_Assignment:_ Images within the entries are to be omitted; the remainder must be reproduced exactly.

_Data shown:_
====
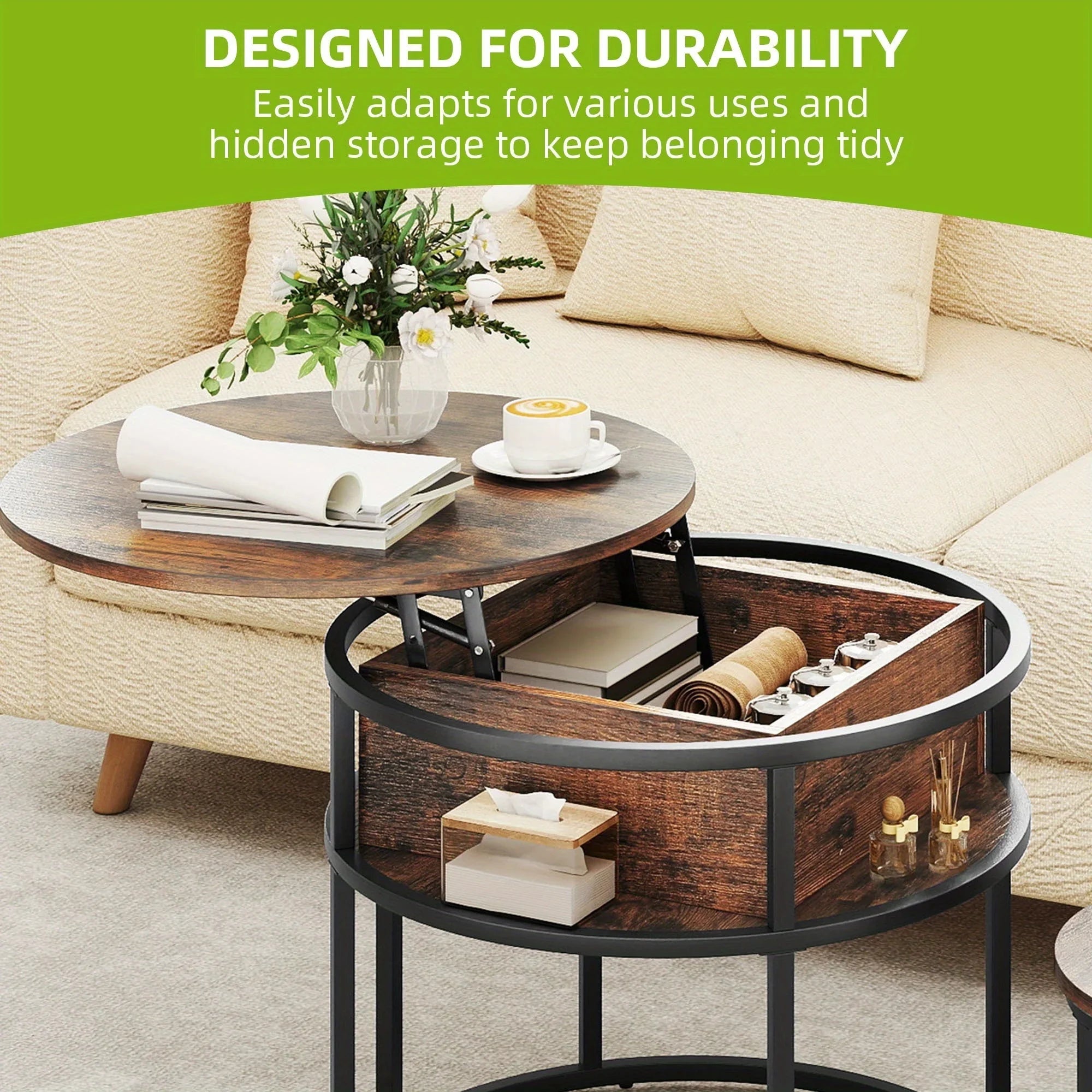 [Retro Lift-Top Coffee Table] Adjustable Height Retro Style Lift-Top Coffee Table Set with Hidden Storage – Large 60×60×50cm + Small 38×38×30cm Round Design Living Room Side Tables House Of Avana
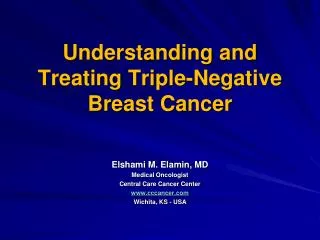 Understanding and Treating Triple-Negative Breast Cancer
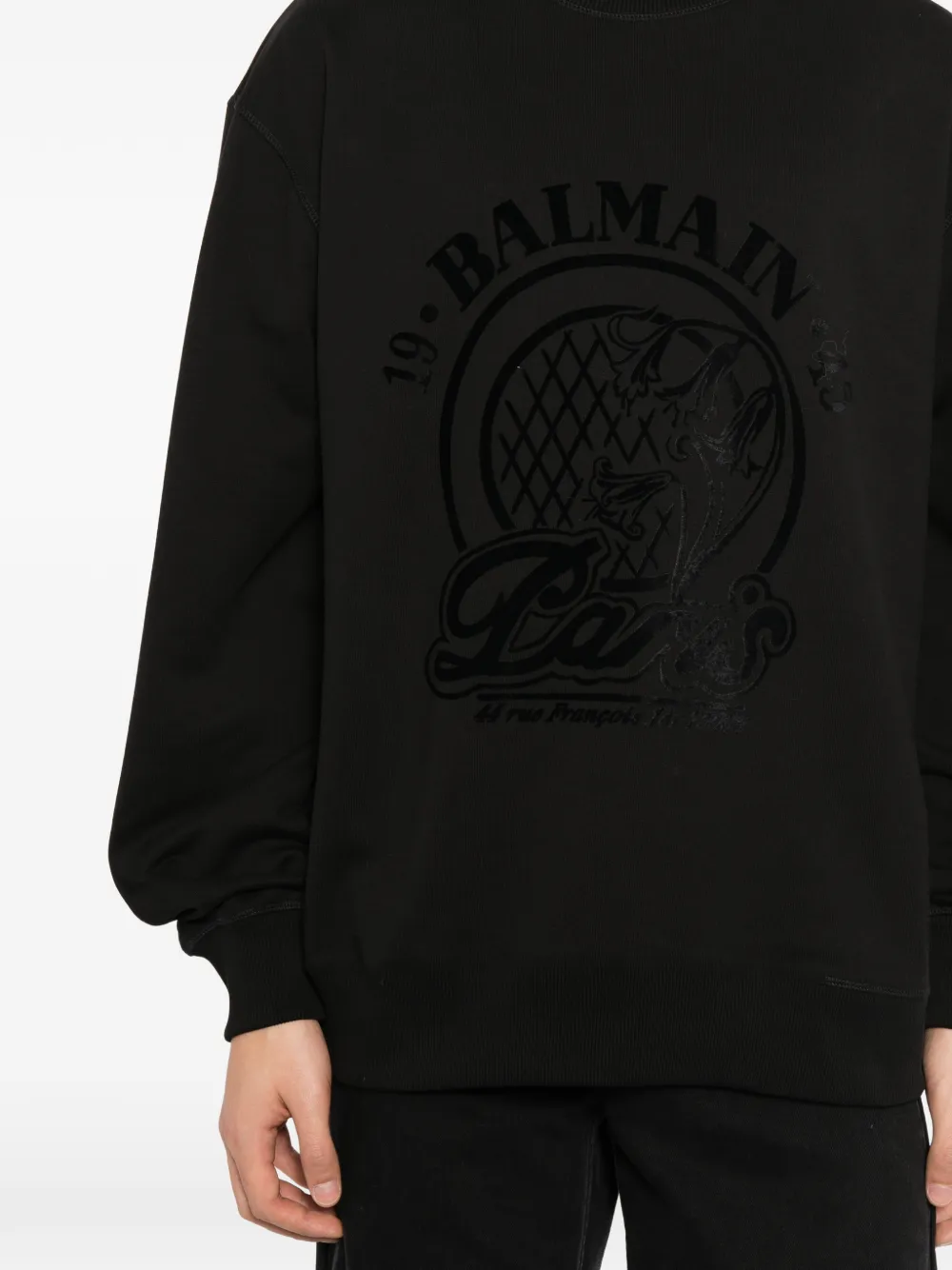 Balmain 1945 gewatteerde sweater met flock-logo Zwart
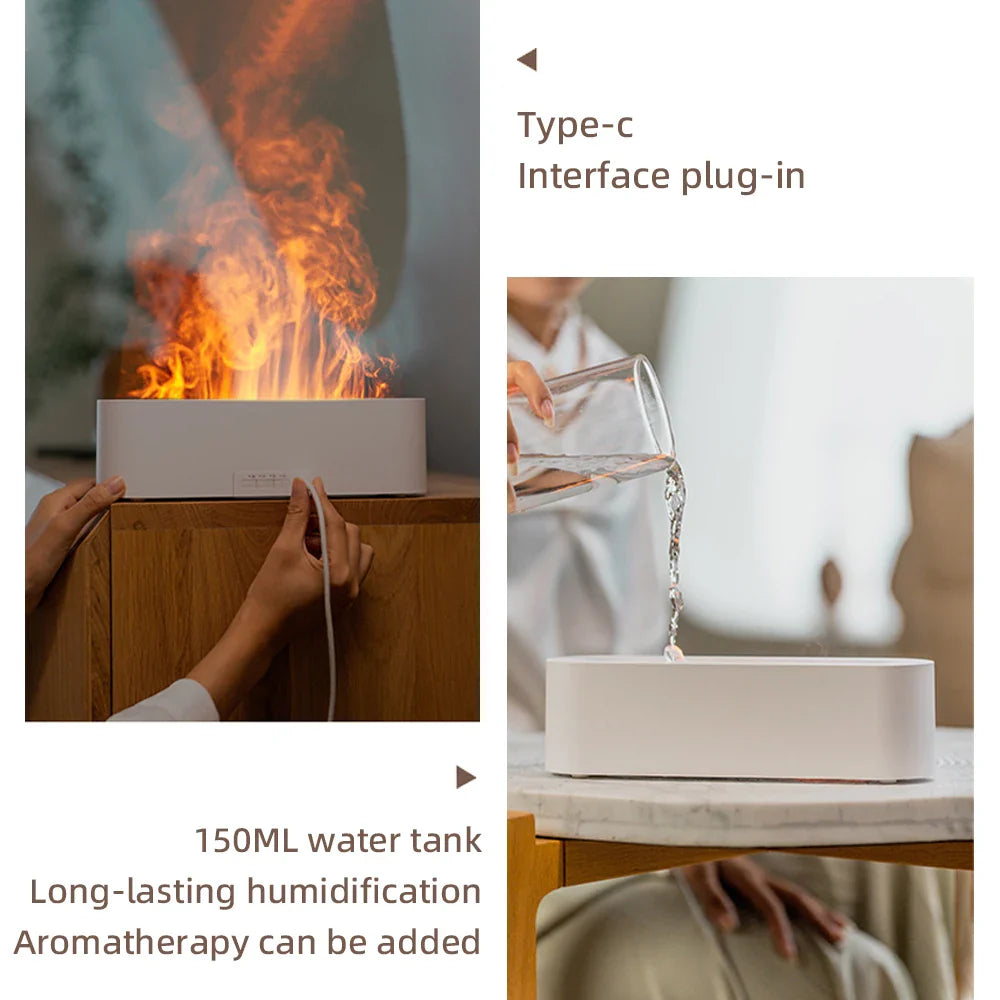 Essential Oil Diffuser with Flame and RGB Light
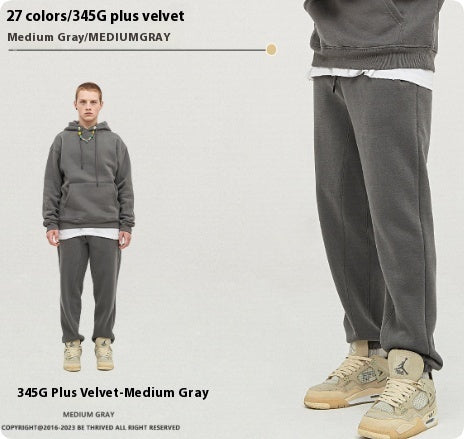 Solid Color Casual Velvet Sweatpants Men's Ankle Banded Pants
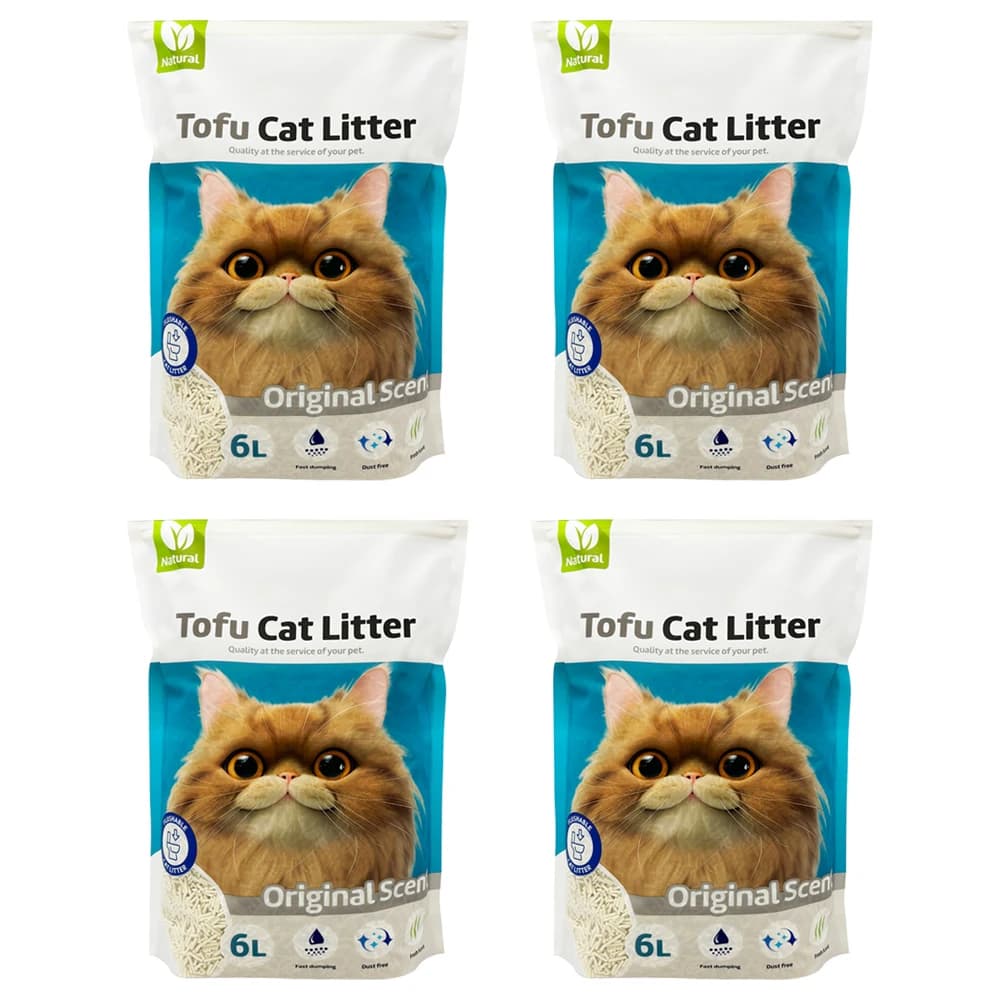 4Pcs Arena Aglomerante para Gatos Arena de Tofu para Gatos sin Polvo Fácil de Aglomerar Controla los Olores se Lanza en el Inodoro Sabor Original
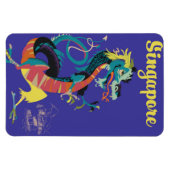 Singapore dragon vintage poster magneet (Horizontaal)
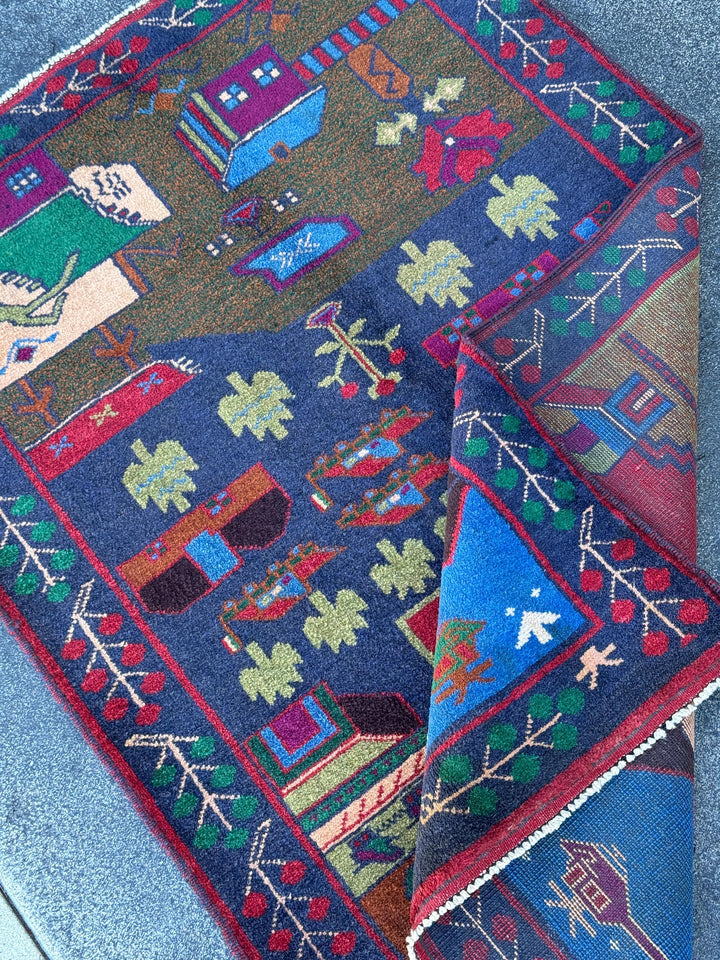 3x4-5 (91x152) Handmade Vintage Afghan Baluch Rug Navy Midnight Royal Blue Crimson Red Caramel Chocolate Brown Plum Moss Forest Green Cream
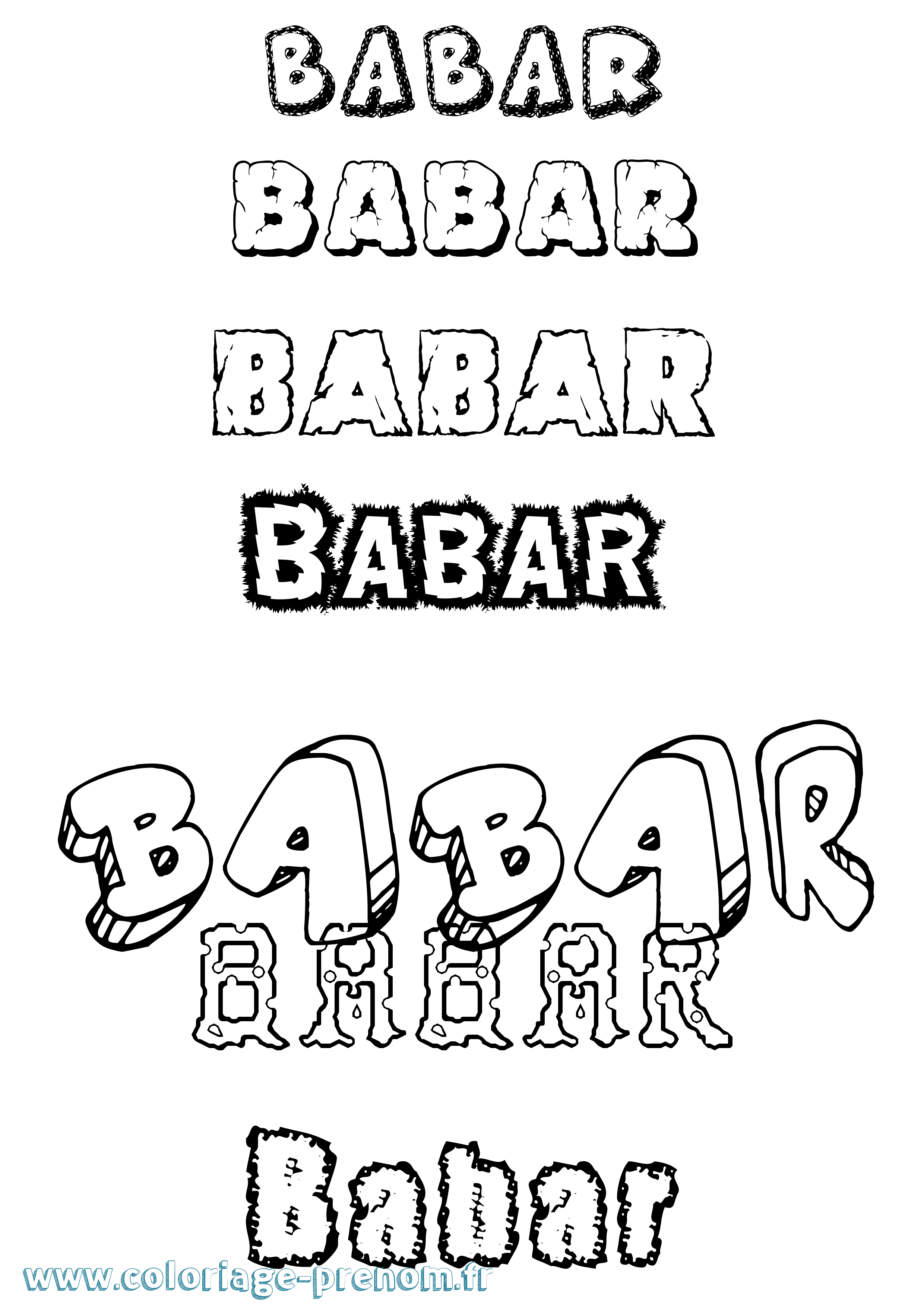 Coloriage Babar Destructuré Coloriage prénom Babar Destructuré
====
_The answer:_
 [Retro Lift-Top Coffee Table] Adjustable Height Retro Style Lift-Top Coffee Table Set with Hidden Storage – Large 60×60×50cm + Small 38×38×30cm Round Design Living Room Side Tables House Of Avana
 Understanding and Treating Triple-Negative Breast Cancer
 Balmain 1945 gewatteerde sweater met flock-logo Zwart
 Essential Oil Diffuser with Flame and RGB Light
 Solid Color Casual Velvet Sweatpants Men's Ankle Banded Pants
 4Pcs Arena Aglomerante para Gatos Arena de Tofu para Gatos sin Polvo Fácil de Aglomerar Controla los Olores se Lanza en el Inodoro Sabor Original
 Singapore dragon vintage poster magneet (Horizontaal)
 3x4-5 (91x152) Handmade Vintage Afghan Baluch Rug Navy Midnight Royal Blue Crimson Red Caramel Chocolate Brown Plum Moss Forest Green Cream
 Coloriage Babar Destructuré Coloriage prénom Babar Destructuré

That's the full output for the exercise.